We can't directly measure the absolute internal energy of a system, we can only infer its change by understanding some defined process. Consider the change in internal energy between two arbitrary states. By definition this is:
$\Delta U_{1 \rightarrow 2} = U_2 - U_1$
This applies equally to the case where we are considering internal energy relative to some reference state. We can express this as
$\Delta U =  U - U_\text{ref}$
It doesn't matter what our reference state is, we can set $U_\text{ref} = 0$ so that
$\Delta U = U$
For a given state, internal energy is always relative to the internal energy of some other (reference) state. In practice, analysis of a non-trivial system will involve multiple states, we could choose any as the reference or pick an appropriate standard state; in any case setting the value to zero or dealing exclusively with $\Delta U$ has a similar effect.
For some arbitrary state of interest (rather than processes), I'd argue setting $U_\text{ref} = 0$ is not only convenient, it's semantically the most appropriate thing to do.

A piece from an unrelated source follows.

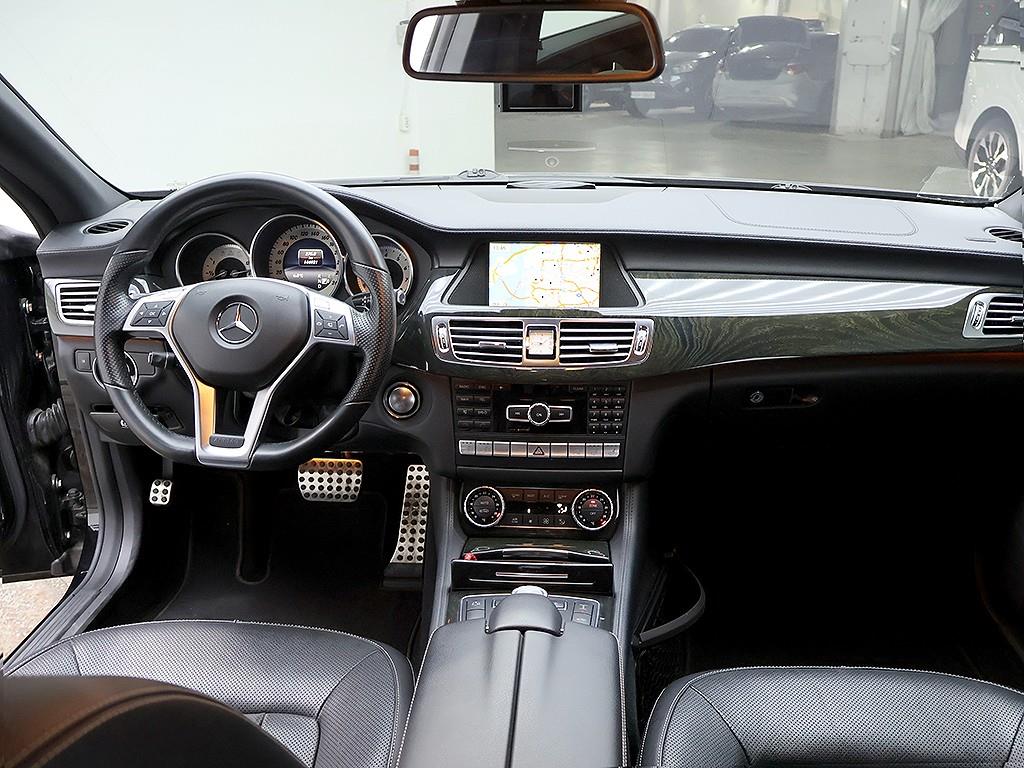 Mercedes Benz CLS Class - Vista 9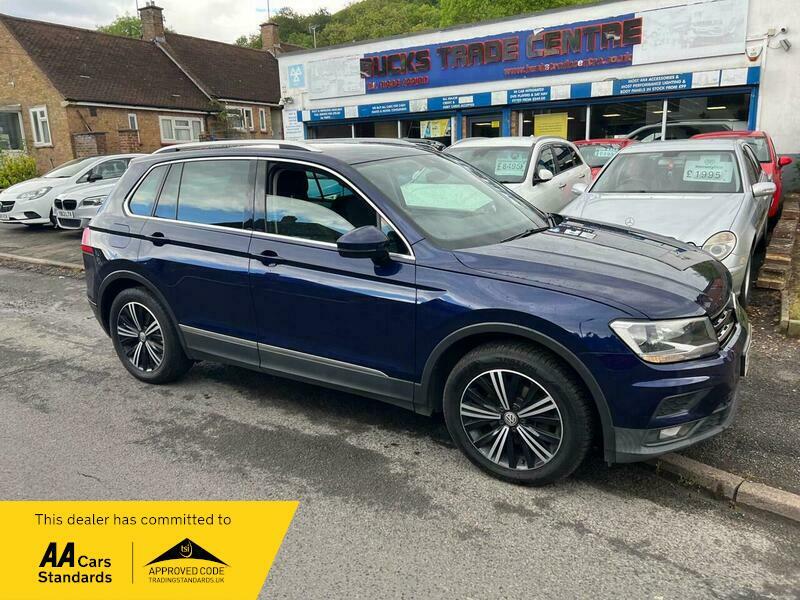 Volkswagen Tiguan 2.0 Tdi Se Navigation FP67MZD Blue #2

We make it zero by definition rather than making it, say $12.7$ (which would mean $U = \Delta U + 12.7$). There's no such thing as the "true" reference state, only the one you define.
Visualisation
Here's an illustration to underline why the absolute value of the reference state is unimportant.

This is a generic visualisation relevant to two arbitrary states of interest. 


*

*The relative positioning of $\boldsymbol{R}_\text{ref}$ doesn't affect $\Delta U_{1 \rightarrow 2}$.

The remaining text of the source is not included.